The U.S. State Department survey, submitted to Congress on April 15, 2005, and published by Yahoo! on April 27, 2005, contains 10 pages. It is impossible and unnecessary to quote all of them. The meaning is already perfectly clear: Westerners, such as George W. Bush, view foreign countries as similar to their own or as they view their neighbors in the countryside where they reside when they are free from the administrative chores in Washington, D.C.
Of course, your neighbor in the countryside or the head of a foreign government may turn out to be a scoundrel (like Saddam Hussein, who did not give away the Iraqi oil peacefully to George Bush and his subordinates). But your ordinary neighbor behind the fence will not quarrel with you if you treat him nicely.
As a sensible person, a former businessman, the British Prime Minister Neville Chamberlain persuaded his “German counterpart” Adolph Hitler to sign a peace treaty. Whereupon Chamberlain’s car could not ride through London because the streets of London turned into a sea of Londoners expressing their joy, relief, and gratitude.

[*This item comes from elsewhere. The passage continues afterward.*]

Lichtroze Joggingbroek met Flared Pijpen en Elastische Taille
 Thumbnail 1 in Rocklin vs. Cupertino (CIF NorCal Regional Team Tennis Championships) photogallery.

Had Hitler continued to behave as he did in 1938 and launched world war only after his nuclear project had developed “atomic bombs,” he would have become the owner of the world. But instead, he seized “the rump of Czechoslovakia,” which was to be independent under the Hitler-Chamberlain treaty, then Poland, then France, and finally invaded Russia with its vast natural and human resources, both convertible into part of the Wehrmacht.
Hitler had been routed even before the U.S. Manhattan Project, and before Canada and Britain developed nuclear weapons.
Many Western officials like Rock and both Bushes evidently believe that if they arm the dictatorship of China sufficiently to annihilate the West, the dictatorship will behave like Hitler in the imagination of the British Prime Minister Neville Chamberlain and those Londoners who filled the streets of London to hail his peace.
Not just the United States, but the West in general, has been “cooperating” scientifically and technologically with China (that is, the dictatorship of China) in the belief that the dictatorship of China will become, as President Bush put it, “strong [true!], peaceful [like Hitler], and prosperous [was Germany more prosperous under Hitler, that is, during its preparation for, and participation in, World War II, than before and after him?].”
It is curious that one paragraph of the U.S. State Department survey is devoted to nanotechnology. Imagine United States-German scientific and technological cooperation in nuclear power in 1939-1945. Especially since most of the best nuclear physicists of Germany and of her vassals and allies emigrated to the United States.
Yes, history would have been rewritten as a result of this cooperation. Not in favor of the Western democracies, but, on the contrary, recording their unconditional surrender or annihilation.